In modern times, sapphires are not only used in jewelry but also for scientific instruments, impact resistant windows and the inner workings of wristwatches.
Sapphires, in ancient times, were believed not only to be an antidote against poison but also a powerful charm that protected the wearer from fever (Diamonds, Pearls and Precious Stones, page 60).
Sapphires were thought to protect kings from harm. Those who wore the gemstone also did so because it was thought not only to protect them from envy but also to grant them favor with God. Those who were necromancers (who used black magic to trick others they were contacting the dead) highly valued this stone for its believed power to enable them to hear and understand obscure oracles (Curious Lore of Precious Stones, page 104 - 105).

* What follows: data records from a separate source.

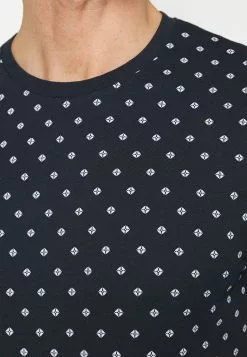 Pier One 3 Pack - Print T-Shirt - White/Dark Blue/Red 13 Pier One 3 Pack - Print T-Shirt - White/Dark Blue/Red -Pier One Shop 5fcb9053133a4f0cbf3c72e8cff6c432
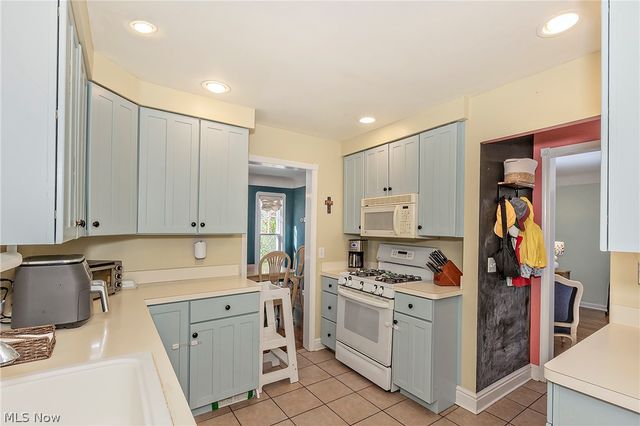 1693 Maywood Road, South Euclid, OH 44121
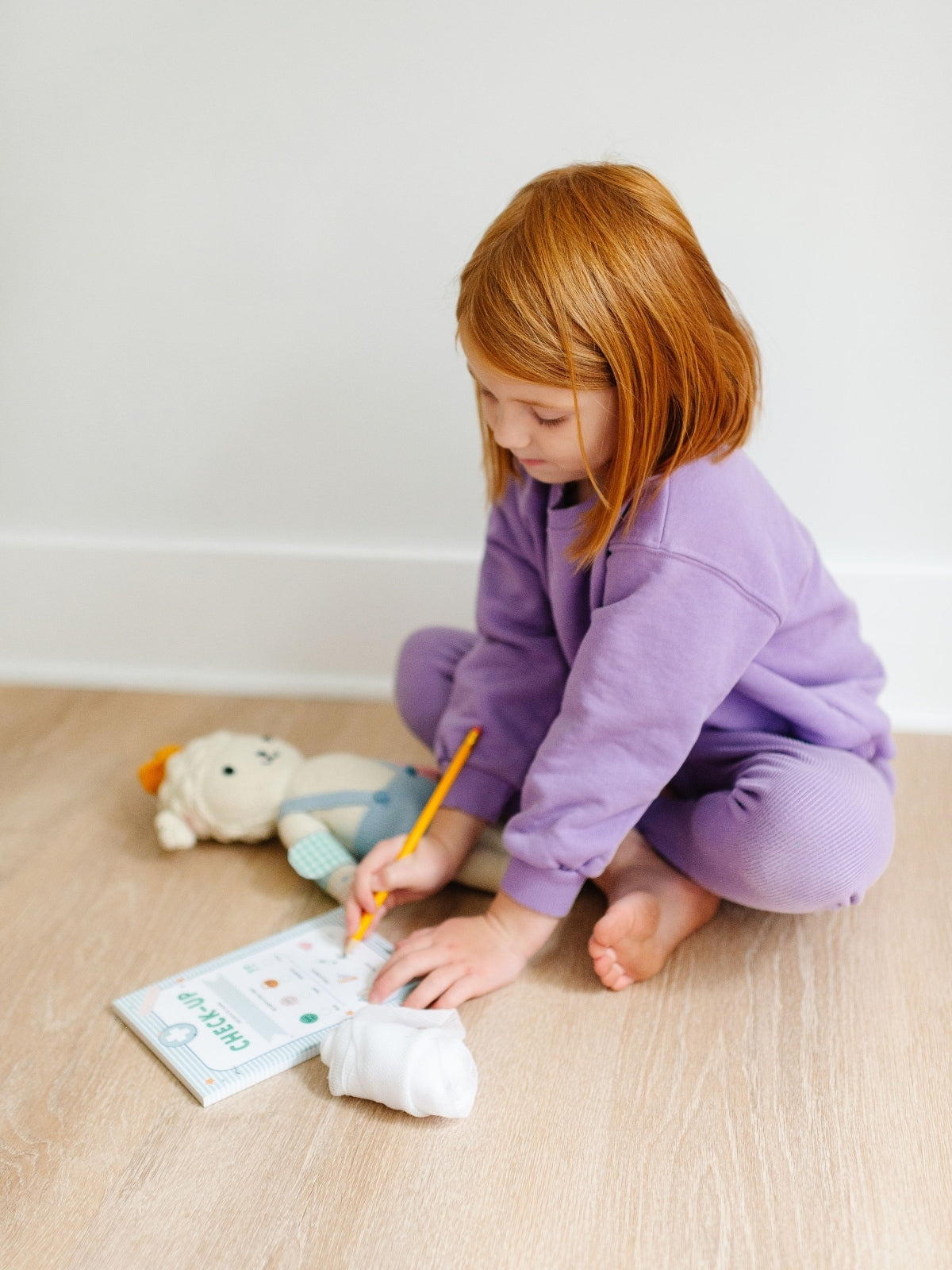 Pretend Play Bandages Tin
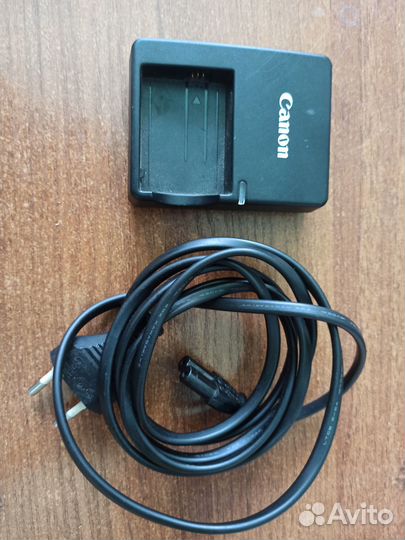 Canon LC-E5E Зарядное устройство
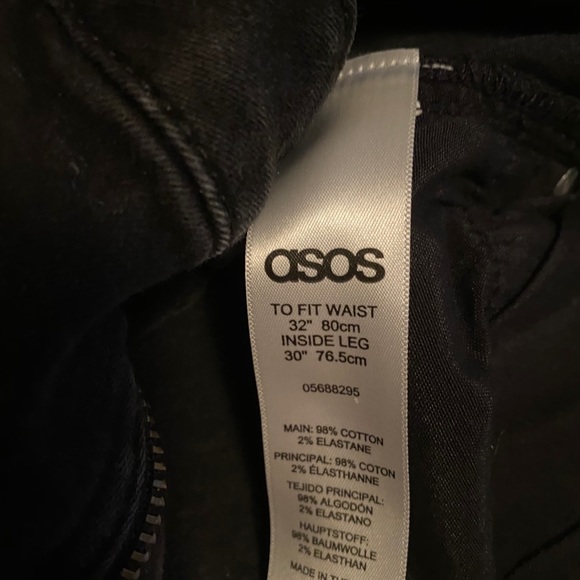 ASOS Frayed Hem Black Jeans 👖 - Picture 5 of 5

The word used to refer to the second stone that decorated Lucifer (Ezekiel 28:13) is called in the Hebrew pitdah (Strong's #H6357). Nine out of the ten translations used in the series translate pitdah in this verse as topaz, while the NLT calls it "a pale green peridot." The second stone listed in the High Priest's breastplate (Exodus 28:17) also uses the word pitdah. In this verse, however, it is likely referring to the peridot gemstone. Please see our section on the peridot stone for more information.
The stone composing the ninth foundation in the New Jerusalem (Revelation 21:20) is referred in the Greek as topazion (Strong's #G5116). Both Strong's Concordance and Thayer's lexicon translate the word as "topaz" but also state in might be our modern chrysolite. All ten of the Bibles used for comparison purposes in this series translate the word as "topaz."
Topaz has been sought after and collected since ancient times for their stunning clearness and transparency.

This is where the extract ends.